West Virginia University College of Law Professor Shine Tu and librarian Nicholas Stump co-authered a new article recently accepted for publication to Loyola of Los Angeles Law Review. The article, " Free Speech in the Balance: Judicial Sanctions and Frivolous SLAPP Suits", will appear in volume 54 of the journal.

From the abstract:

The balance between free speech and access to courts in defamation tort actions is fraught with public policy concerns. On one hand, plaintiffs should have unencumbered access to the justice system to remedy real harms brought upon them by defamatory statements. However, defamation suits should not be wielded to suppress the constitutionally protected free speech rights of news organizations and of concerned citizens that are vital for well-functioning democracies. This Article argues for a new type of remedy, namely enhanced Rule 11 attorney sanctions, such as suspension or debarment, that should be available to defendants of defamation suits brought by repeat players that use “cookie cutter” complaints. This Article specifically proposes a novel four-part test implicating use of attorney sanctions as a remedy for filing niche types of frivolous lawsuits. Per this test, a court should weigh the following factors to determine if such sanctions are warranted: (1) if the plaintiff habitually files and loses defamation-type suits to prevent protected free speech; (2) the nature of the defendant, especially if the defendant is a news organization; (3) the proportionality of the damages requested, and; (4) if a countersuit is at issue.
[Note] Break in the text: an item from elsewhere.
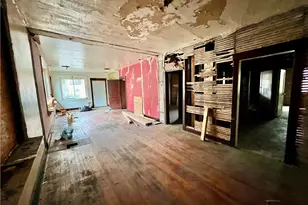 1000 North Ave, Pittsburgh, PA 15221 - Photo 6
In this Article, we examine a case study in the form of a decades’ long frivolous litigation pattern exhibited by Murray Energy and Robert-Murray-as-CEO. Murray Energy has been characterized as the single largest privately owned coal corporation in the United States, and thus constitutes a prominent actor well-suited for assessing the potential strengths and weaknesses of developing this new remedy. We ultimately conclude that enhanced Rule 11 attorney sanctions, as weighed and levied vis-à-vis the proffered test, could constitute a potentially potent deterrent to frivolous lawsuits designed to inhibit the free speech of the press and of concerned citizens—which indeed occupy a crucial watchdog role in healthy democracies.